4. “Split your form into multiple smaller forms”

This spreads the same data across multiple board items. Now you have the opposite problem — fragmented data instead of duplicated data.

None of these are solutions. They’re all workarounds that return you to pre-form manual workflows.


What Most Guides Don’t Tell You

The 10-edit cap is non-negotiable, even for Enterprise customers.

There’s no setting to increase it. There’s no support ticket you can file to access it. monday.com’s official response: create a new form.

The cap applies per submission, not per user.

If 10 different users each edit the same form response once, that’s 10 edits — cap reached. The limit is tied to the submission itself, not the person editing it.
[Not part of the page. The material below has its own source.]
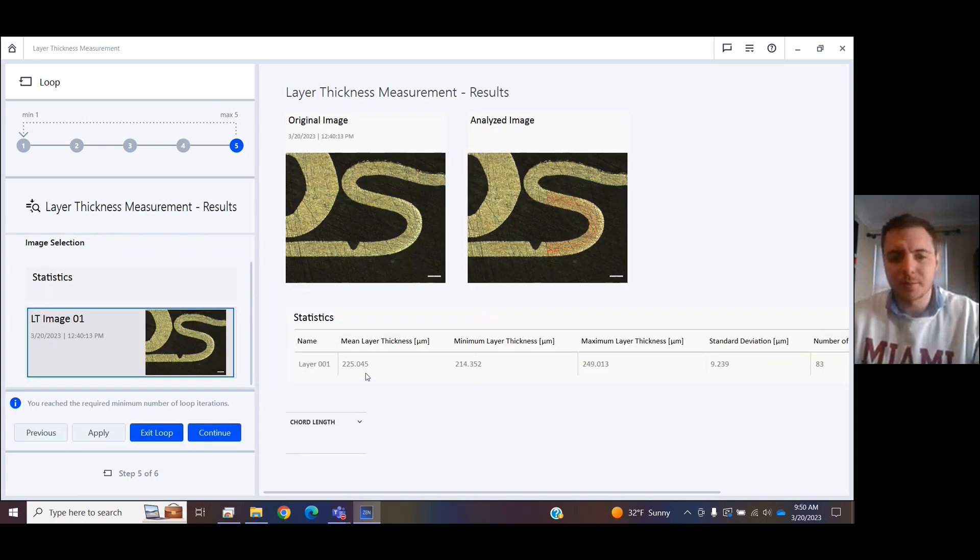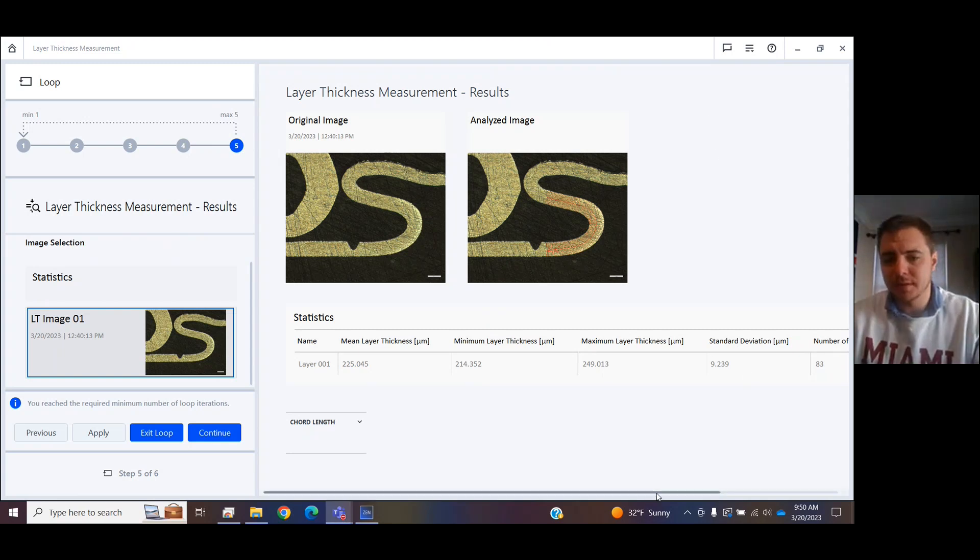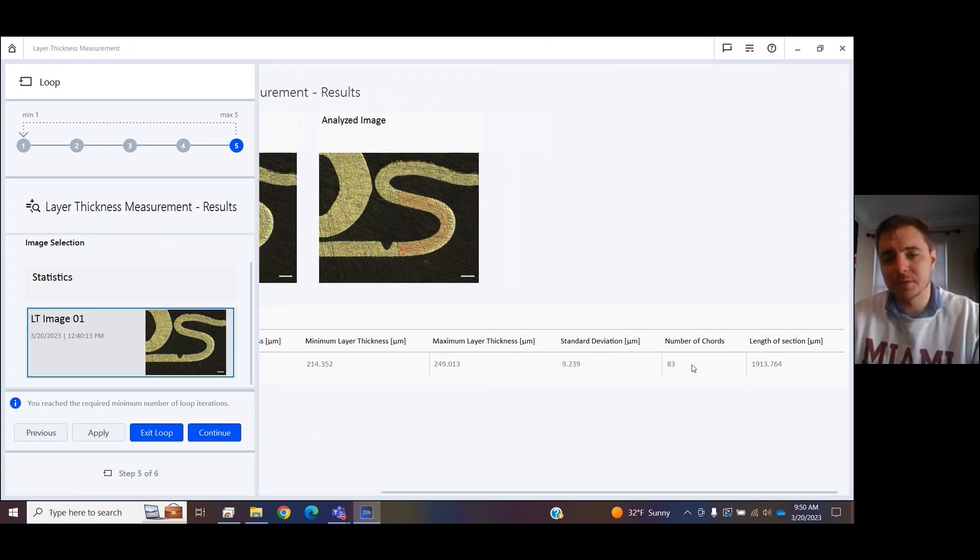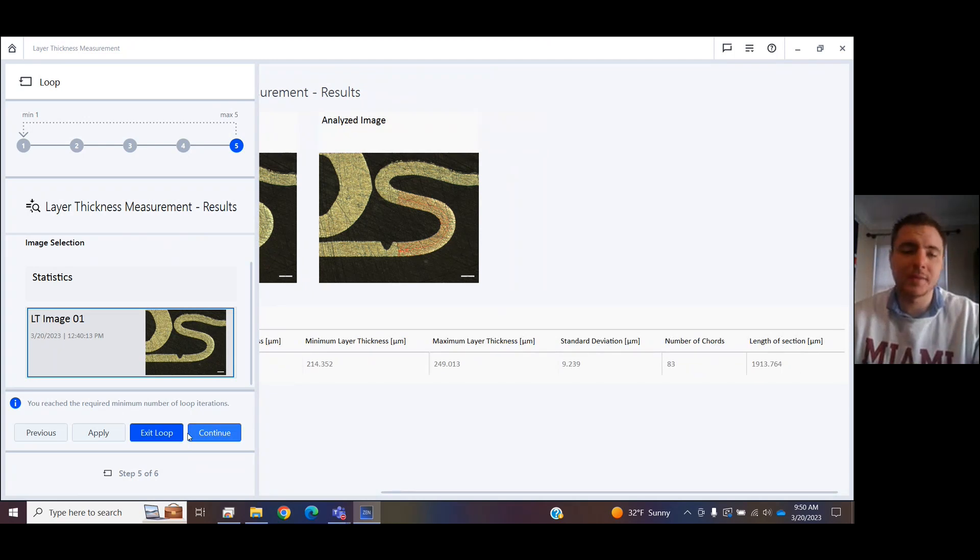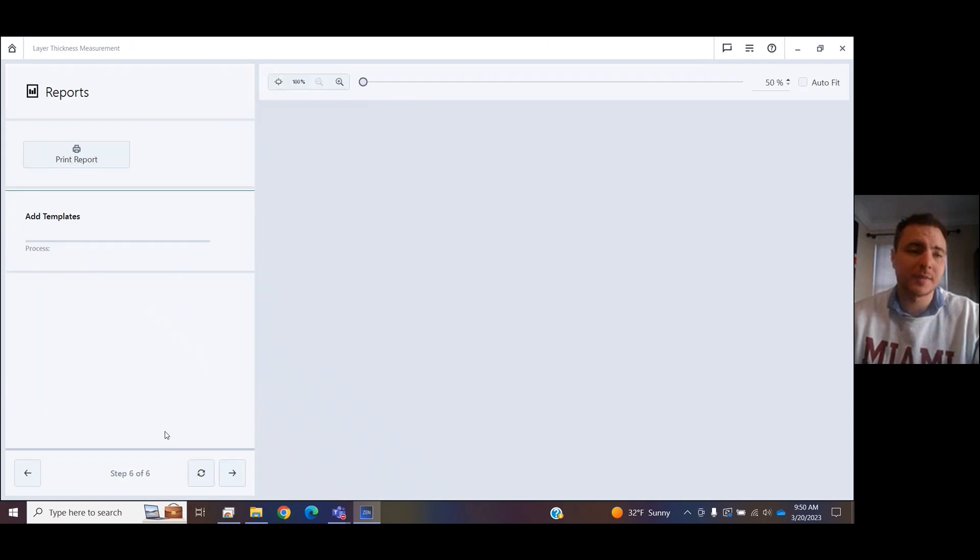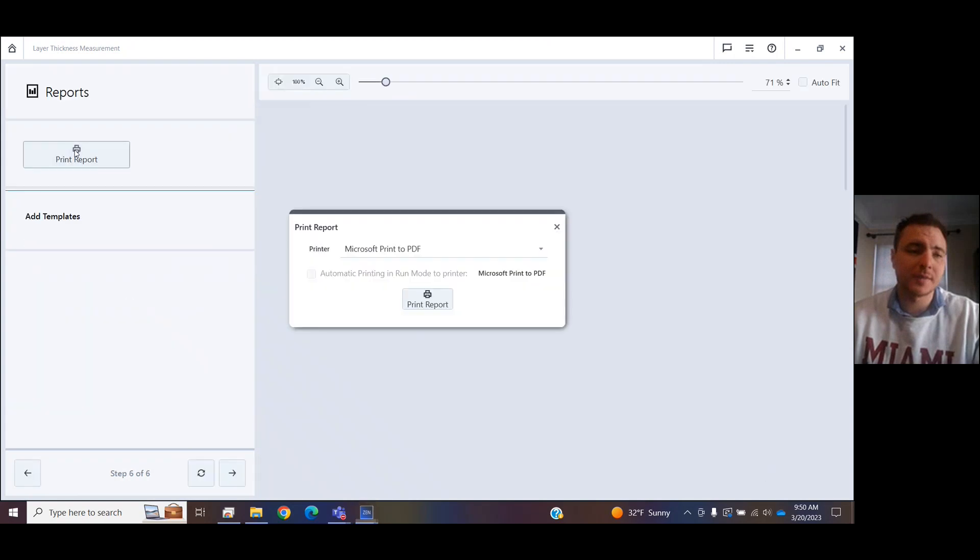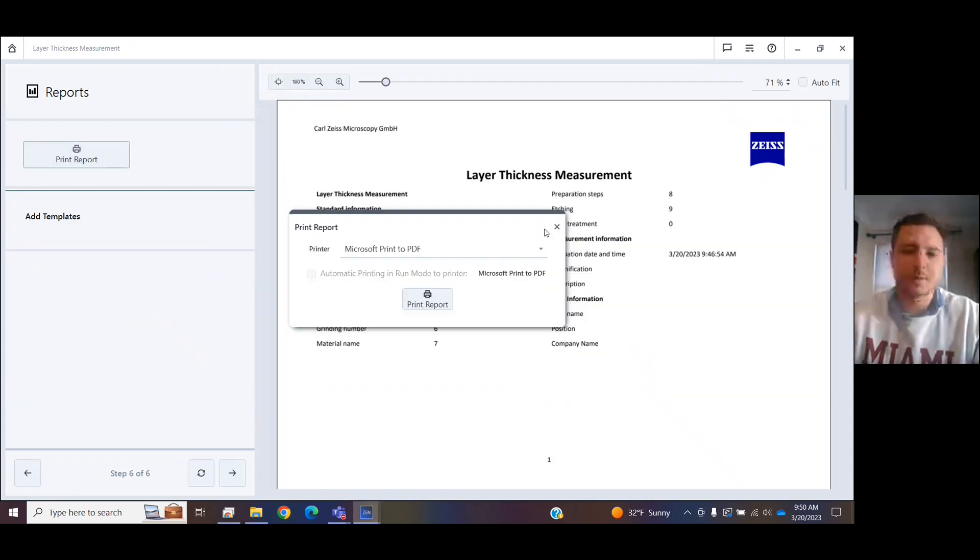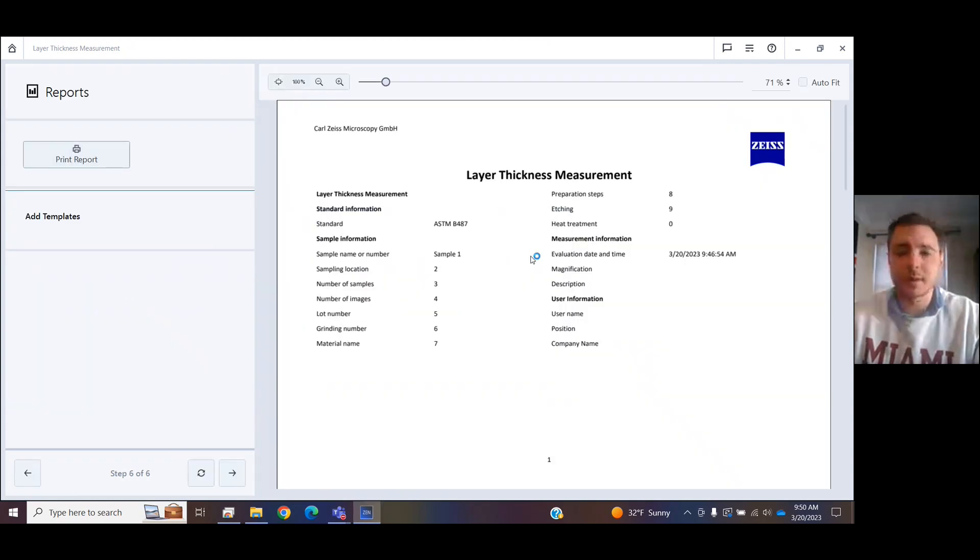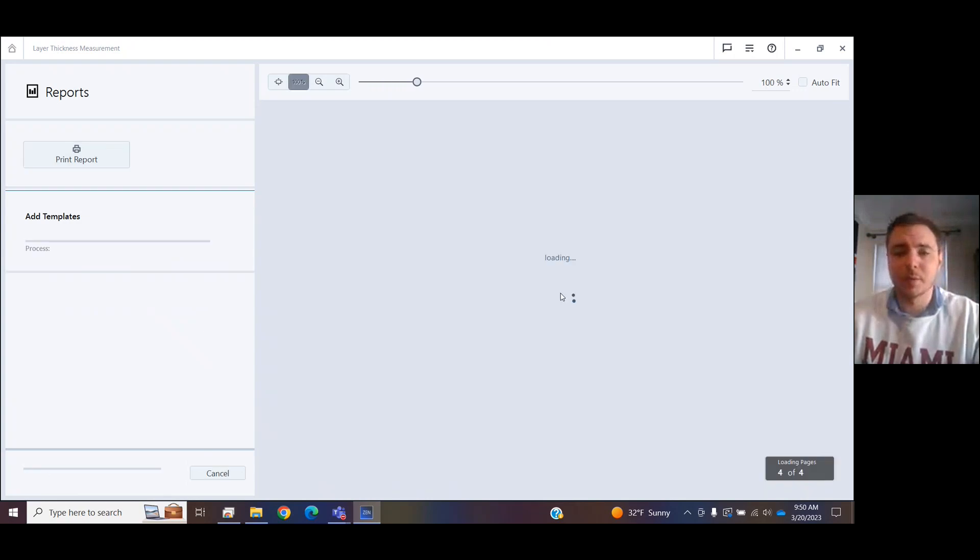It will tell me the mean layer thickness, the minimum and the maximum across where it measured, the standard deviation, total number of chords it took, the length of the section of the layer. If I press Exit Loop, it's going to give me the opportunity to print this out as a PDF. And look, here's my report.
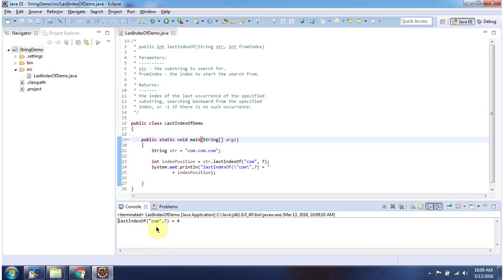Here you can see the output. Here I have declared the string com.com.com. Then I am calling lastIndexOf method of string, and I am passing string as com and from index 7.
The edit counter is invisible.

There’s no way to see how many edits remain. Users don’t get a warning at Edit #9. They just try to submit Edit #11 and hit a wall.

Unlocking costs more than solving the problem elsewhere.

Even if monday.com adds an “Unlimited Edits” add-on in the future, you’re already paying premium pricing for Enterprise. Paying more to remove an artificial cap makes no sense when third-party tools offer unlimited edits as standard.